#### [Description of the task]
Leave out all pictures and retype exactly the lines from the one with "[A-Fuki-Rip]Ore Twin Tails" through the last line of the material.

#### [Exercise material]
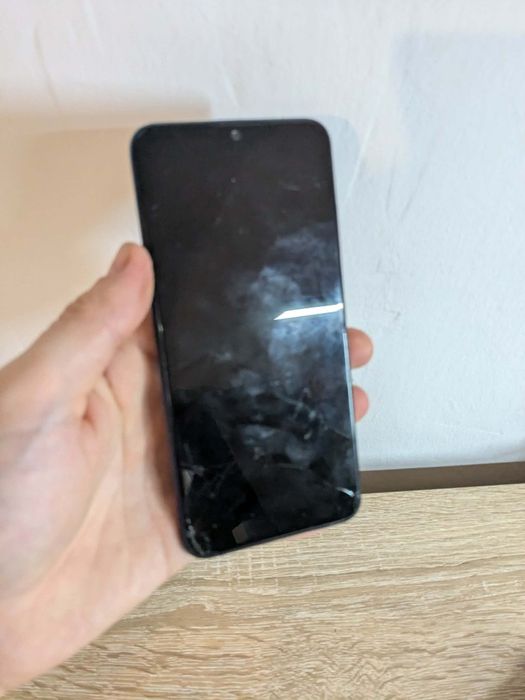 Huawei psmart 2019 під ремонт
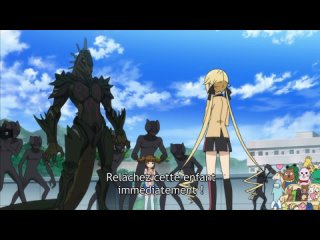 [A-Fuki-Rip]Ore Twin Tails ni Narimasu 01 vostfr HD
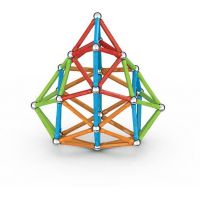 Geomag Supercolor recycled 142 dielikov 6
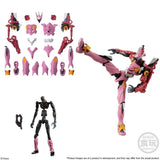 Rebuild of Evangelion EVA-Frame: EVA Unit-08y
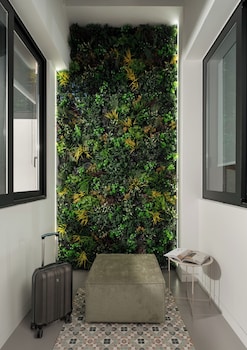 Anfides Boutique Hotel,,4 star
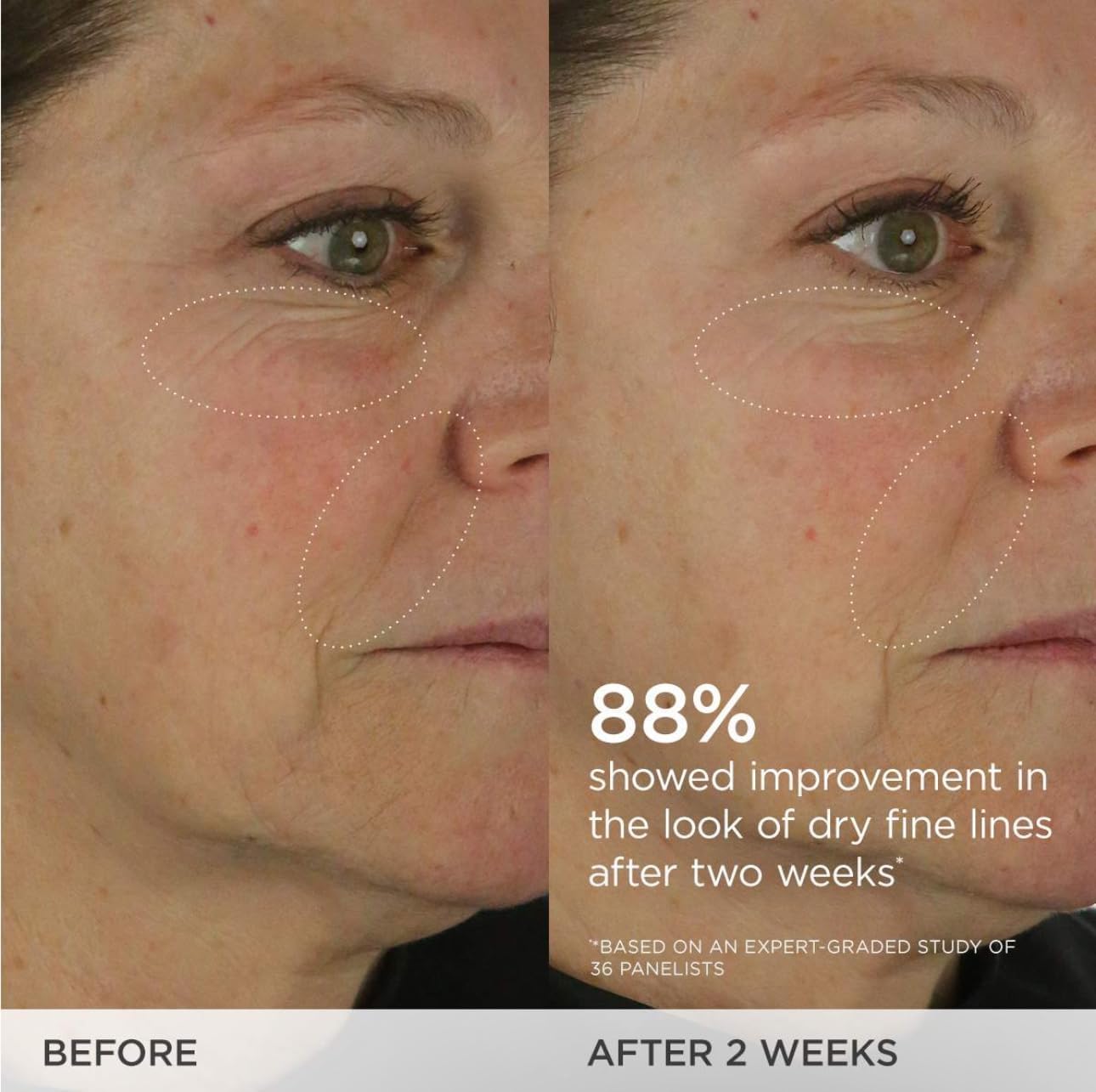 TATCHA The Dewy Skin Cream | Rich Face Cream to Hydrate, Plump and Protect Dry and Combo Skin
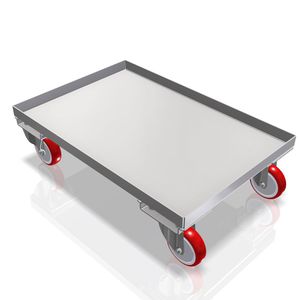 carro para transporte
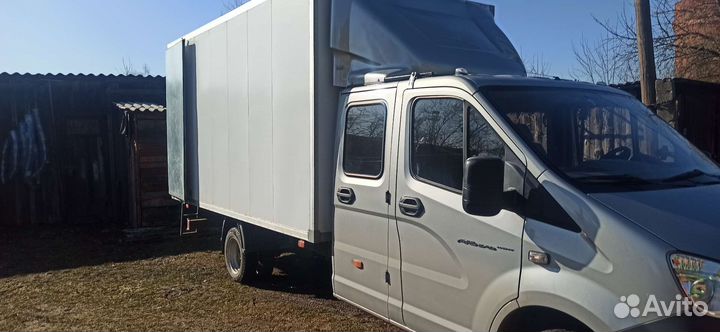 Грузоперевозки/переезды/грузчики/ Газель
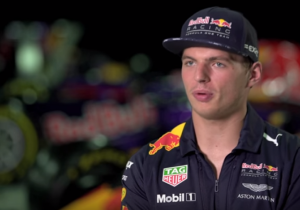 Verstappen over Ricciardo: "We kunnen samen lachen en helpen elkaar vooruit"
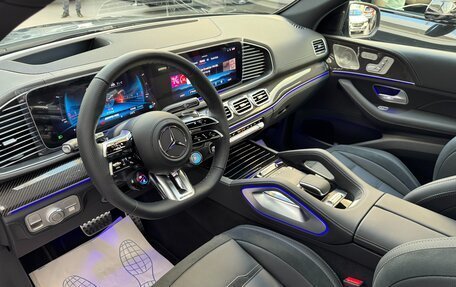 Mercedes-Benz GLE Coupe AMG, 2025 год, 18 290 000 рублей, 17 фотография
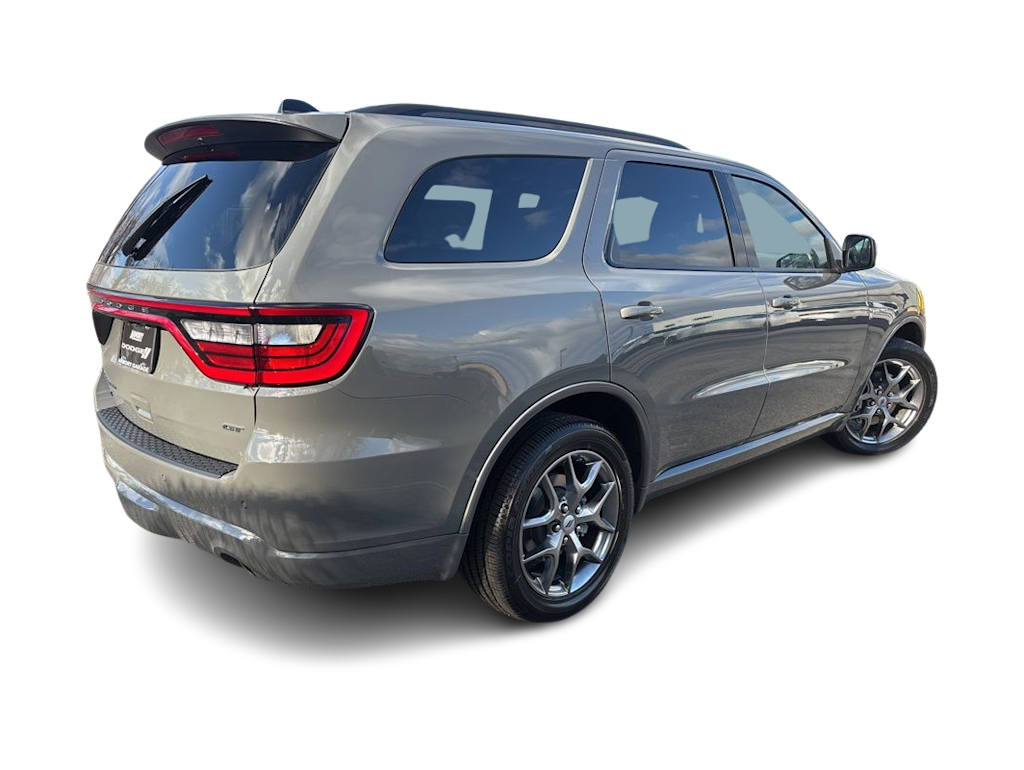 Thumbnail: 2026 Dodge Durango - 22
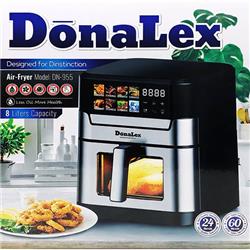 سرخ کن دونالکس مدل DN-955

#### [Solution to this exercise]
 [A-Fuki-Rip]Ore Twin Tails ni Narimasu 01 vostfr HD
 Geomag Supercolor recycled 142 dielikov 6
 Rebuild of Evangelion EVA-Frame: EVA Unit-08y
 Anfides Boutique Hotel,,4 star
 TATCHA The Dewy Skin Cream | Rich Face Cream to Hydrate, Plump and Protect Dry and Combo Skin
 carro para transporte
 Грузоперевозки/переезды/грузчики/ Газель
 Verstappen over Ricciardo: "We kunnen samen lachen en helpen elkaar vooruit"
 Mercedes-Benz GLE Coupe AMG, 2025 год, 18 290 000 рублей, 17 фотография
 Thumbnail: 2026 Dodge Durango - 22
 سرخ کن دونالکس مدل DN-955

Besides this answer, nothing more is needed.